The original quake shook products from supermarket shelves, shattered windows and collapsed walls in homes made from mud bricks. Emergency response teams say more than 5,000 people have been relocated as inspectors assess the damage to determine if structures remain inhabitable or need to be reinforced or demolished entirely.

Government relief efforts involving 1,500 specialists and volunteers distributed tents, beds, non-perishable food items and water, concentrating on the towns of Niuku (牛库) and Tongguan (通关), among others. Mojiang is, by Chinese standards at least, a sparsely populated region. The mountainous area is a Hani minority autonomous county where most residents depend on agriculture for their incomes.

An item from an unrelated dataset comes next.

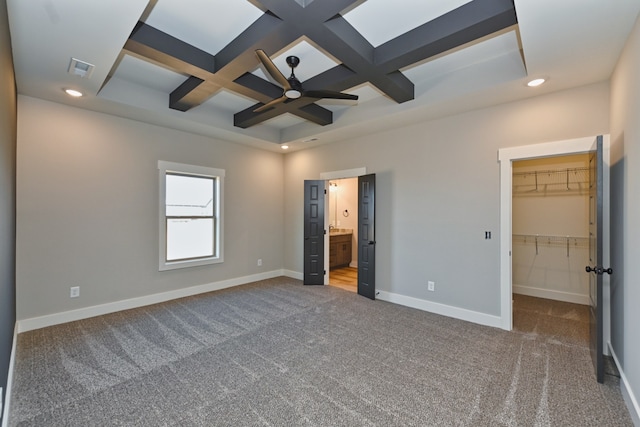 unfurnished bedroom with carpet, coffered ceiling, a walk in closet, ceiling fan, and a closet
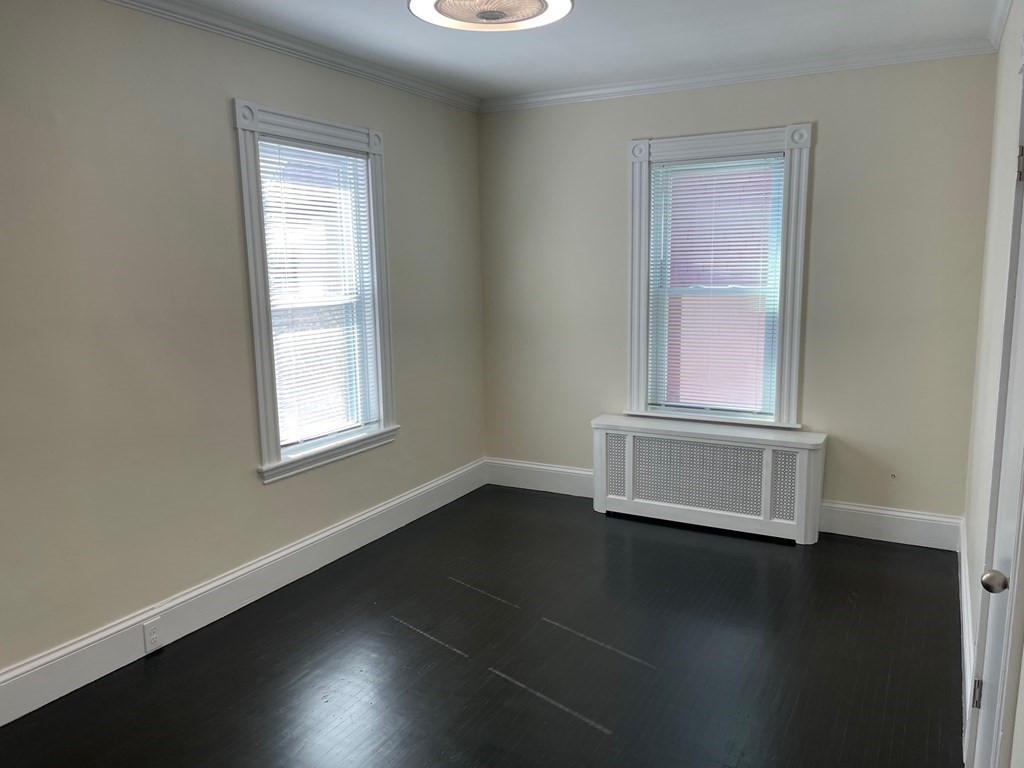 840 South Street, Unit 1 Boston, MA 02131 - Photo 14 of 19 an empty room with wooden floor and windows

Mojiang is also known across China for its annual Twins Festival. Each year for the past 13, tens of thousands of tourists descend on the region at the end of April as roughly 1,000 pairs of twins appear in parades, enormous talent shows and other nationally televised events.

Saturday's earthquake — felt as far away as Yunnan's capital, Kunming, as well as across the border in Laos — was followed by several other sizable tremors. Some of them were nearly as strong as the original. The quakes all occurred at a shallow depth of around 11 kilometers, ripples of the Indian tectonic plate's slow but inexorable collision with the Asian tectonic plate.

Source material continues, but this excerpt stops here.